Continuously deploy your apps AND data? Let’s try to use Liquibase for BigQuery changes.

Want to constantly deploy updates to your web app through the use of automation? Not everyone does it, but it’s a mostly solved problem with mature patterns and tools that make it possible. Automated deployments of databases, app services, and data warehouses? Also possible, but not something I personally see done as often. Let’s change that!

Last month, I was tweeting about Liquibase, and their CTO and co-founder pointed out to me that Google Cloud contributed a BigQuery extension. Given that Liquibase is a well-known tool for automating database changes, I figured it was time to dig in and see how it worked, especially for a fully managed data warehouse like BigQuery. Specifically, I wanted to prove out four things:

Use the Liquibase CLI locally to add columns to a BigQuery table. This is an easy way to get started!
Use the Liquibase Docker image to add columns to a BigQuery table. See how to deploy changes through a Docker container, which makes later automation easier.
Use the Liquibase Docker image within Cloud Build to automate deployment of a BigQuery table change. Bring in continuous integration (and general automation service) Google Cloud Build to invoke the Liquibase container to push BigQuery changes.
Use Cloud Build and Cloud Deploy to automate the build and deployment of the app to GKE along with a BigQuery table change. This feels like the ideal state, where Cloud Build does app packaging, and then hands off to Cloud Deploy to push BigQuery changes (using the Docker image) and the web app through dev/test/prod.

I learned a lot of new things by performing this exercise! I’ll share all my code and lessons learned about Docker, Kubernetes, init containers, and Liquibase throughout this post.
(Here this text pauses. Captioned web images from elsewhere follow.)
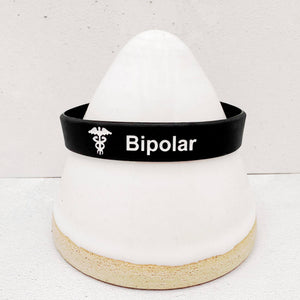 Close-up of a bipolar wristband showing clear medical identification text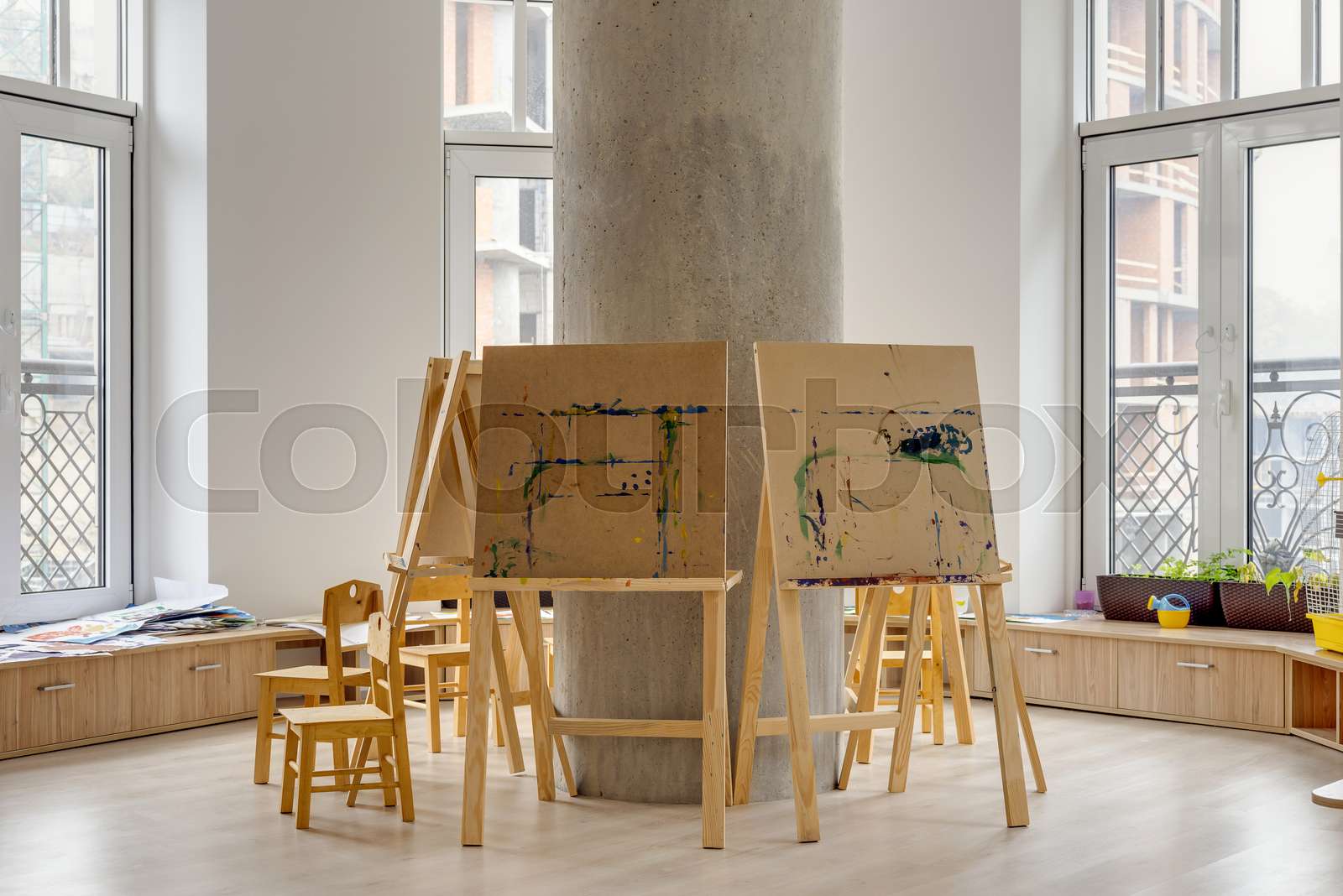 easels and wooden chairs in classroom at modern kindergarten Stock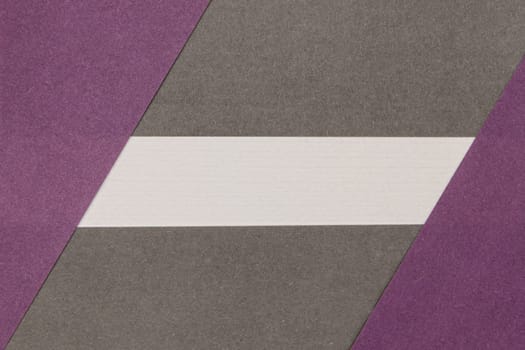 White, Grey and Purple coloured paper background, abstract contrast conceptual image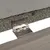 Närbild av ett metallgångjärn som förbinder två träplattor. Ovansida med synlig grusbeläggning.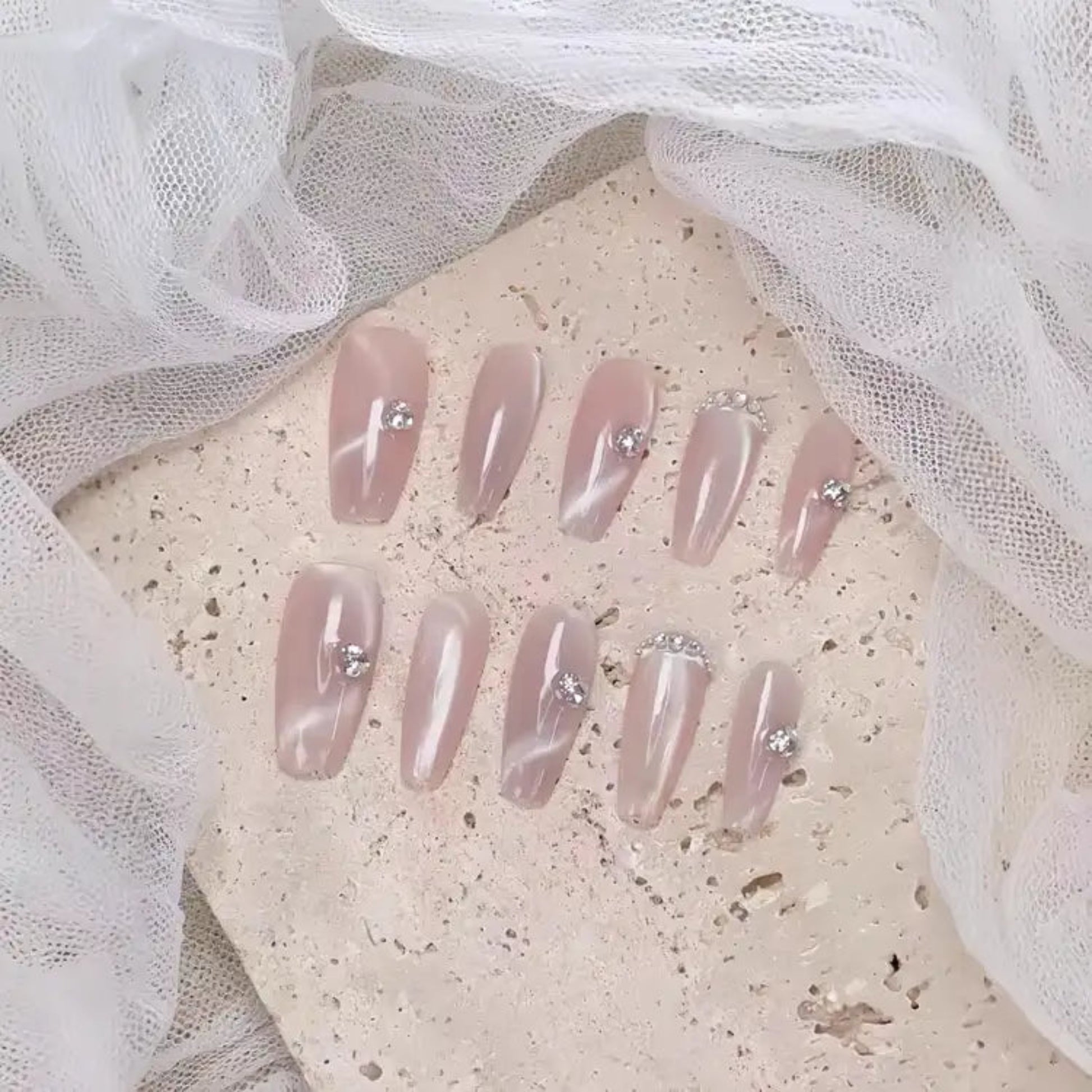 Set of pink press-on nails with rhinestones on a textured surface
Scenario #1 – Use Liquibase CLI

The concepts behind Liquibase are fairly straightforward: define a connection string to your data source, and create a configuration file that represents the desired change to your database. A Liquibase-driven change isn’t oriented adding data itself to a database (although, it can), but for making structural changes like adding tables, creating views, and adding foreign key constraints. Liquibase also does things like change tracking, change locks, and assistance with rollbacks.

While it directly integrates with Java platforms like Spring Boot, you can also use it standalone via a CLI or Docker image.

I downloaded the CLI installer for my Mac, which added the bits to a local directory. And then I checked to see if I could access the liquibase CLI from the console.

Next, I downloaded the BigQuery JDBC driver which is what Liquibase uses to connect to my BigQuery. The downloaded package includes the JDBC driver along with a “lib” folder containing a bunch of dependencies.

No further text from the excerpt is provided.